Zwei Arbeiter leisten Widerstand
Anton Hummler wurde am 12. Februar 1908 in St. Gallen in der Schweiz geboren. Er war das älteste von zehn Kindern, was ihn früh lehrte, Verantwortung zu übernehmen. Nach der Schule arbeitete er sechs Jahre als Landarbeiter. 1927 kam er nach Stuttgart als Maschinenarbeiter zu Bosch, wo er sich zum Maschineneinsteller qualifizieren konnte. Im Zuge der Weltwirtschaftskrise war er mehrere Jahre arbeitslos, bis er bei Bosch wieder eine feste Anstellung fand. Zusammen mit seiner Frau Frieda hatte er einen Sohn und zwei Töchter, denen er ein liebevoller Familienvater war. Von Bekannten wie von Arbeitskollegen wurde er wegen seiner Zuverlässigkeit, seines Fleißes und seines freundlichen Wesens geschätzt.
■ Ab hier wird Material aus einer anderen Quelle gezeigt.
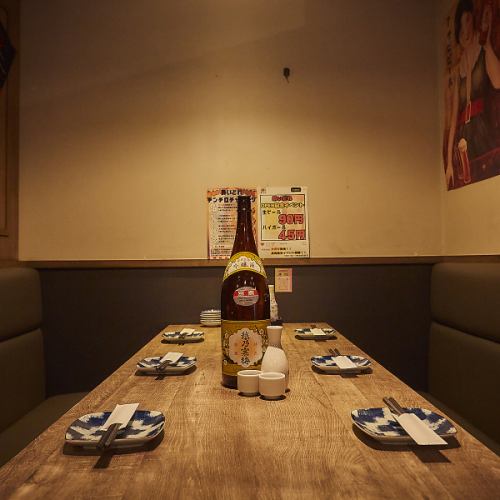 暖簾付き個室多数完備!!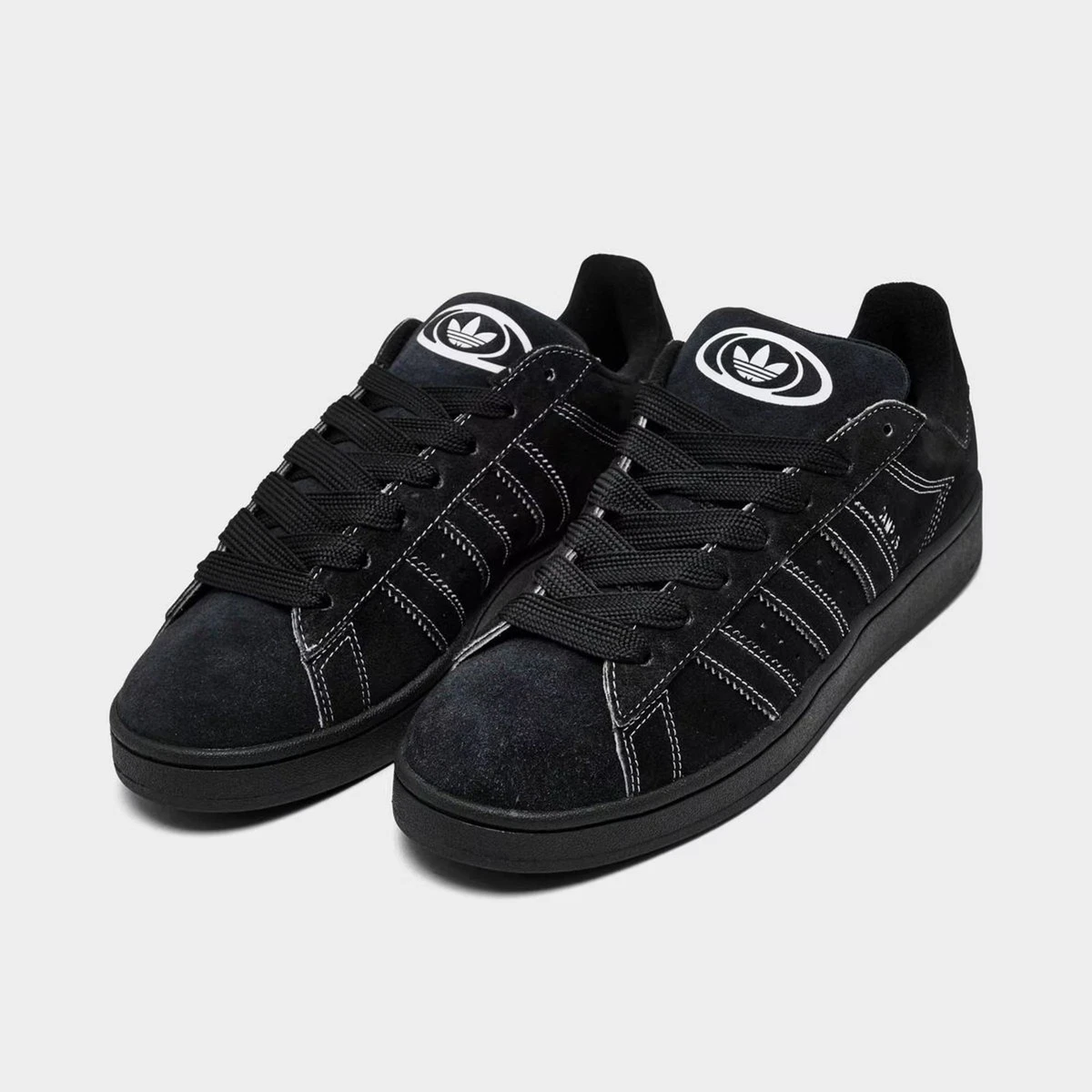adidas gazelle silver green womens ADIDAS JAPAN Size 10.5 Black White Leather Two Tone Low Top Sneakers  Sui  Generis Designer Consignment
1929 war Anton Hummler dem Thälmann nahen Arbeitersportverein “Rote Sportler” beigetreten und entwickelte sich, durch die Arbeitslosigkeit unterstützt, zum überzeugten Antifaschisten. 1930 schloss er sich dem “Kampfbund gegen den Faschismus” sowie der KPD an. Hitler, so war ihm nach dem Lesen von “Mein Kampf” klar geworden, bedeutete Krieg.
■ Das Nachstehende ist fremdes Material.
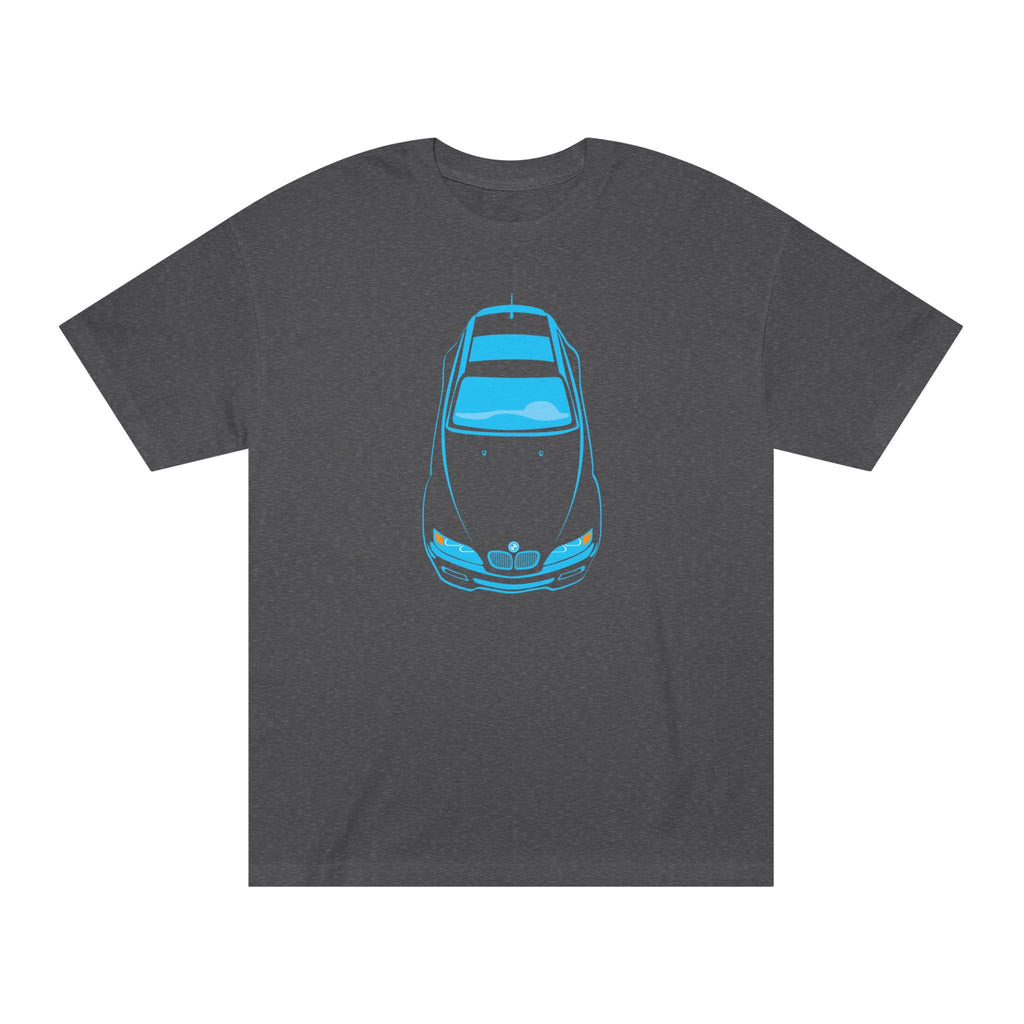 M Coupe Tee - Unisex American Apparel Classic T-Shirt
Max Wagner wurde am 25. Oktober 1899 als Sohn eines Schlossers in Oberesslingen geboren. Er hatte insgesamt sechs Geschwister. Nach der Schule lernte er Steindrucker. Im Juli 1917 wurde er eingezogen und kam im Frühjahr 1918 an die Westfront. Nach einer Verwundung lag er sechs Wochen im Lazarett, kam zurück an die Front und geriet im August 1918 in englische Gefangenschaft. Erst im Oktober 1919 war der Erste Weltkrieg für ihn zu Ende, und er konnte wieder heimkehren. Wagner arbeitete nun als Steindrucker und Hilfsarbeiter, von 1936 bis 1939 war er Ankerwickler bei Bosch. Dann wurde er wegen einer Erkrankung zu 70 % erwerbsunfähig geschrieben. Er bekam eine kleine Rente, die er durch Heimarbeit aufzubessern versuchte. Er war verheiratet und hatte aus erster Ehe zwei Kinder.
Als Steindrucker war er Mitglied des gewerkschaftlichen Berufsverbands gewesen. Außerdem war er im Arbeiter-Radfahrverein “Solidarität”. Im Jahr 1930 trat er der KPD bei.
Anton Hummler und Max Wagner kannten sich wohl schon vor 1933. 1937 oder 1938 – Anton Hummler wohnte damals in der Moltkestr. 43/1, der heutigen Bebelstraße im Stuttgarter Westen und Max Wagner ein paar Häuser entfernt in der Nr. 29/2 – dürften sich beide, die den gleichen Weg zur Arbeit hatten, auch angefreundet haben.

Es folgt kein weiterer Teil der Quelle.